Psalm 73:26 ~ My flesh and my heart may fail, but God is the strength of my heart and my portion forever. (ESV)
I am an assassin.
I don’t mean to be. It’s not like I set out to be a cold-hearted killer. But time and time again, it happens.
I wonder if all the vibrant plants at the garden center try to shrivel up as I pass by.
“Oh, no. It’s her.” The whispers travel from root to leaf, from pansy to snapdragon.
“Yep. She’s the one who can kill anything…even ivy…do you know how hard it is to kill ivy?”
“Look puny, everyone.”
I browse the aisles with the best of intentions. Of course I’ll water those geraniums…every day. And I’d never think to plant the vinca in the shade, or the impatiens in full sun.
But my good intentions last until it’s 99 degrees at 5AM. I fail to water. And the flowers…die.
So it might surprise you to know that I’ve kept one Peace lily alive for over three years. I’ll admit that it’s not as large or lush as it once was, but it is still alive.
And I think I know why.
It gets droopy.
Have you seen this? If a Peace lily needs water, it flops all over the pot. It practically screams “Help me!” to the point that even someone as inattentive as me can’t help but notice that the poor thing is dying and needs a drink.
So I take two minutes, douse it, and the next time I pass by, there it stands. All perky again.
I’ve been thinking about this over the past few days. Ever since my Peace lily once again made a miraculous recovery.
Because I have another plant (don’t ask me what it is) that’s not so lucky. This plant is tough. It’s a survivor. But it doesn’t make it easy on itself. Poor thing usually only gets watered when I realize the Peace lily is on life support and I water them both at the same time.

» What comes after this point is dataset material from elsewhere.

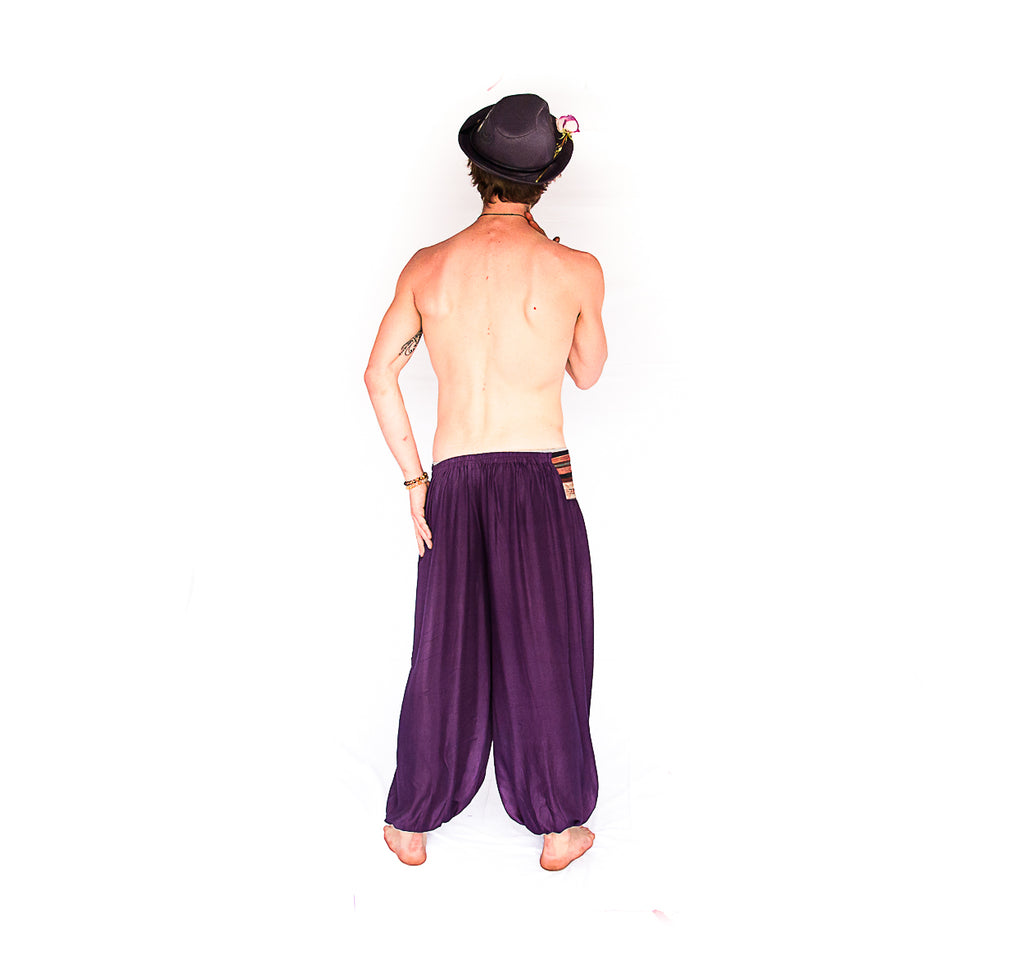 Men's Aladdin Pants in Royal Purple-The High Thai-The High Thai-Yoga Pants-Harem Pants-Hippie Clothing-San Diego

That plant stands there, refusing to bend to the pressure. Its leaves maintain their upright position until they’re crispy. Even then, the only clue that there might be a problem is when the leaves fade from green to brown.
I have actually killed one of these already, so I know. That plant will die before it shows weakness.
All this got me thinking.
I think my life would be better if I would get droopy.
If instead of always toughing it out, I would admit that I need some help. If I’d let people in on the fact that I’m drying up and need some water—before I’m crispy and dead inside.
Our culture has ingrained in us that showing weakness is equal to being weak. We value toughness. We’re impressed with strength. We live by the mantra “never let ‘em see you sweat”.
But I don’t think God’s impressed with our tough guy personas.
Take King David as an example. He wrote multiple psalms that basically say “Would you help me out, I’m dying here.”
David knew how to get droopy.
And despite that—or maybe because of it—the Bible says that David was a man after God’s own heart.
You may have been recently watered. Your perkiness may be genuine. But if it isn’t, can I make a suggestion?
Take your limp limbs to the source of living water. Beg Him to help you out. And then—this is key—accept the help He sends—an offer of babysitting, an invitation to dinner, help with the dishes, a phone call from a friend—take a long drink. And another. And another.
Father, We thank you that You are the source of Living Water. Give us grace to seek refreshment in and through You.